Birgit Schrowange ist zurück im Fernsehen mit einer "Sendung, die mir wirklich sehr am Herzen liegt", wie sie das Sat.1-Publikum gleich zu Beginn wissen lässt. Kein Wunder, geht es doch um "starke Frauen". Und auch wenn nicht alle vier Milliarden von ihnen einen Platz darin finden, so hat Schrowange doch immerhin fünf von ihnen in ein hübsches Landhäuschen eingeladen, um sich einige besondere Lebensgeschichten erzählen zu lassen. Oder wie die Moderatorin sagt: "Themen, die uns Frauen bewegen."
"Ehrlich, offen, authentisch – so wie wir wirklich wirklich sind", soll es zugehen, verspricht Schrowange und klingt dabei ein wenig, als spreche sie gerade den Werbetext für ein Ratgeberheft ein. Tatsächlich aber lohnt es sich, nicht gleich wieder abzuschalten, denn "Birgits starke Frauen" erweist sich in den folgenden zwei Stunden als gelungenes Format, weil die Menschen, um die es geht, im besten Sinne inspirierend sind.
So wie Sabine Werth, die vor rund 30 Jahren Deutschlands erste "Tafel" gründete und sich seither für die Ärmsten der Armen einsetzt. "Das hat schon Robin Hood gemacht, aber wir sind auf der legalen Seite", sagt Werth später in der gemütlichen Runde, nachdem sich Schrowange und die anderen Frauen das Porträt über sie gemeinsam angesehen haben. Aufhören kommt für Werth trotz ihrer Multiple-Sklerose-Erkrankung nicht infrage. Ihr Credo: "Mit 90 geh' ich auf halbtags!"
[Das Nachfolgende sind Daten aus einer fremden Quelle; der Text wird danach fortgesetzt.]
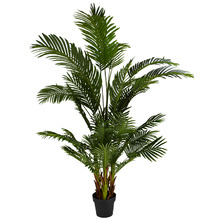 180cm Potted Faux 5 Stem Areca Palm Plant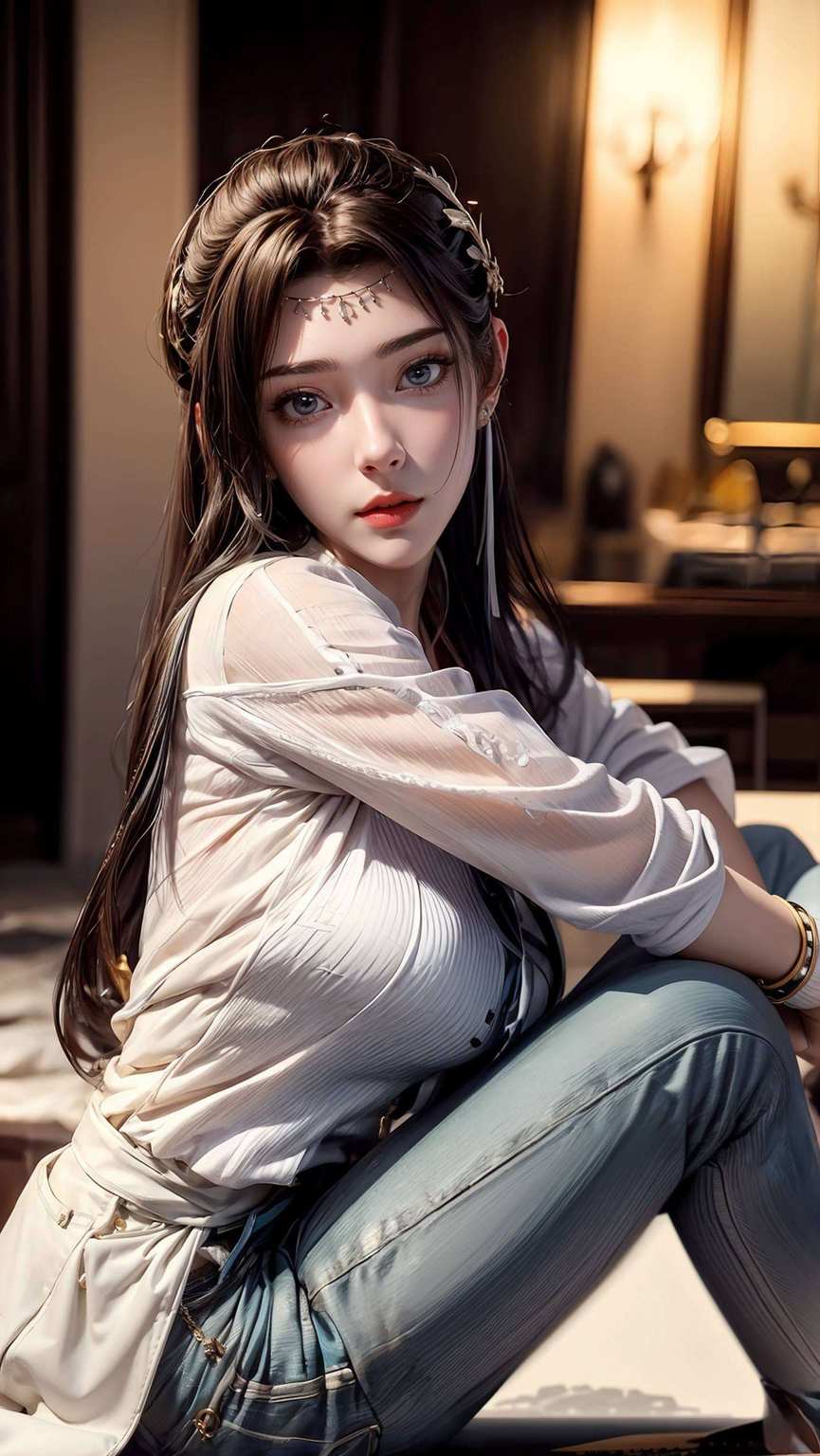 快来下载简直让人一见倾心！国漫女神的精致五官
Vorgestellt wird aber auch eine junge Frau, die es sich zur Lebensaufgabe gemacht hat, die Ausbeutung von Hühnern zu beenden und daher ein "Anti-Hochleistungstier" züchtet, oder die Sängerin Mandy Capristo, die offen darüber spricht, wie es ihr gelang, Panikattacken zu überwinden. Birgit Schrowange ist nicht in jedem Beitrag vor Ort – aber wenn, dann legt sie sich ins Zeug. Sei es beim (harmlosen) Singen im Seniorenchor oder bei der (schweißtreibenden) Feuerwehr-Übung.
Letztere absolviert sie mit einer Frau, die als "härteste Feuerwehrfrau Deutschlands" gilt – was die Moderatorin bei ihrem Training offensichtlich durchaus anspornte. "Ich muss verrückt geworden sein", sagt sie irgendwann und gibt am Ende, völlig außer Atem, zu, sie habe sich nicht blamieren zu wollen. "Deshalb habe ich die Zähne zusammengebissen." Besser hätte Schrowange die Botschaft ihrer neuen Sendung wohl kaum zusammenfassen können: Es lohnt sich, durchzuhalten und zu kämpfen, auch wenn man freilich nicht so viel Kraft besitzen muss wie die Feuerwehrfrau. "Stärke", sagt diese, "ist ja nicht nur körperlich."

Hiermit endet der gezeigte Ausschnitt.